[What you have to do] What you output must be the exact lines from the first line of the data through the one holding "www.moj-samochod.pl - Artyku�", with no pictures.

Start of Provided information

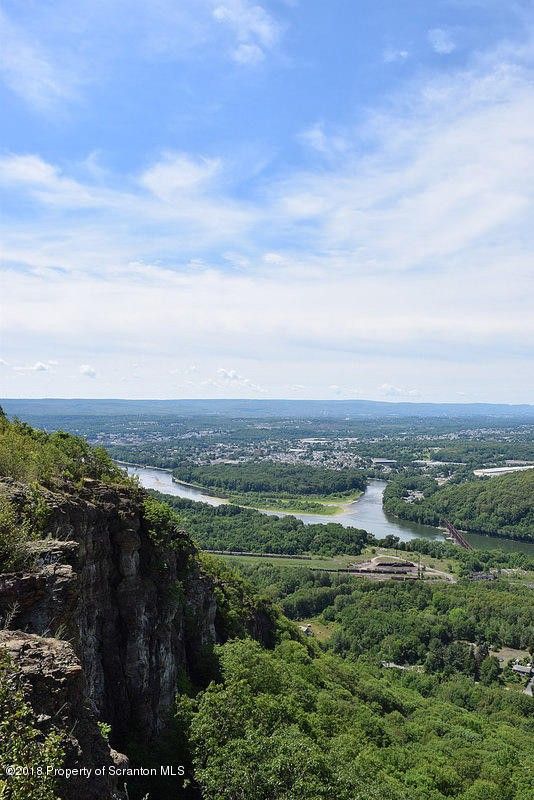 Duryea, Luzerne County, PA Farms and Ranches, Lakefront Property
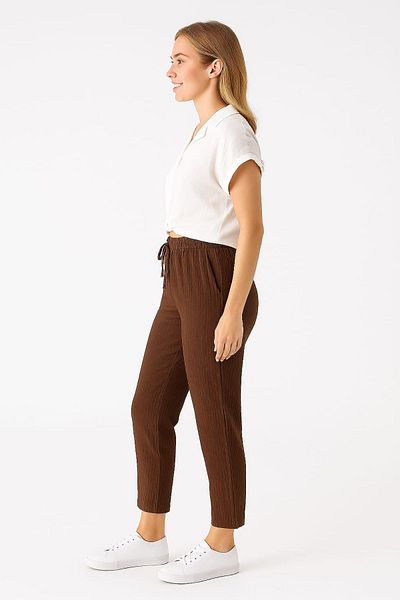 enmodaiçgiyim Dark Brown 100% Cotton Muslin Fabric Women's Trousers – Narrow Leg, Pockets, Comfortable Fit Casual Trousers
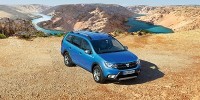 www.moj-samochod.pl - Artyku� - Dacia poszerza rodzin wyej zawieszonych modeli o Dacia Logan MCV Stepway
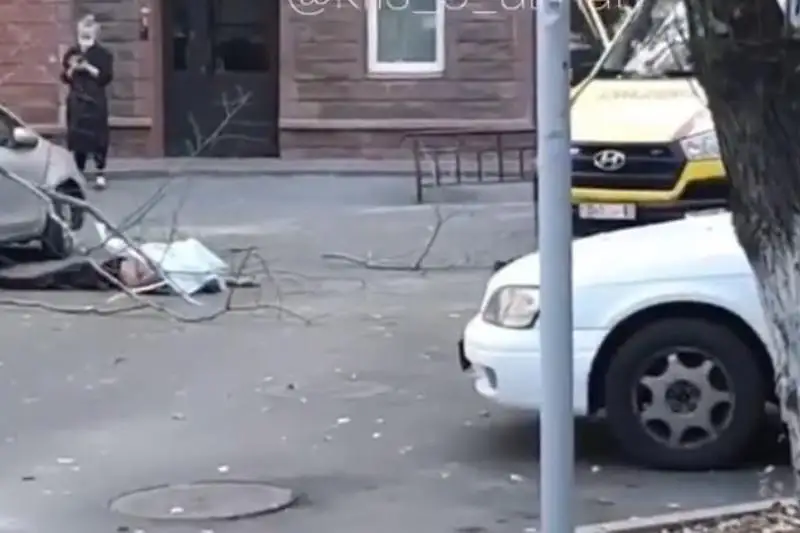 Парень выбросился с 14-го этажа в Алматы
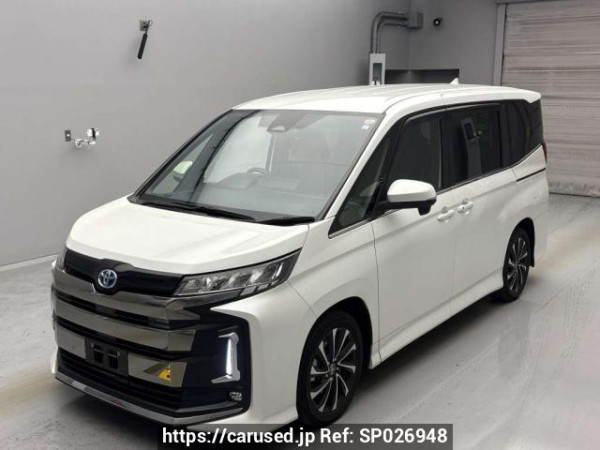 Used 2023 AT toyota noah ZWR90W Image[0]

End of Provided information

[Response area]
 Duryea, Luzerne County, PA Farms and Ranches, Lakefront Property
 enmodaiçgiyim Dark Brown 100% Cotton Muslin Fabric Women's Trousers – Narrow Leg, Pockets, Comfortable Fit Casual Trousers
 www.moj-samochod.pl - Artyku� - Dacia poszerza rodzin wyej zawieszonych modeli o Dacia Logan MCV Stepway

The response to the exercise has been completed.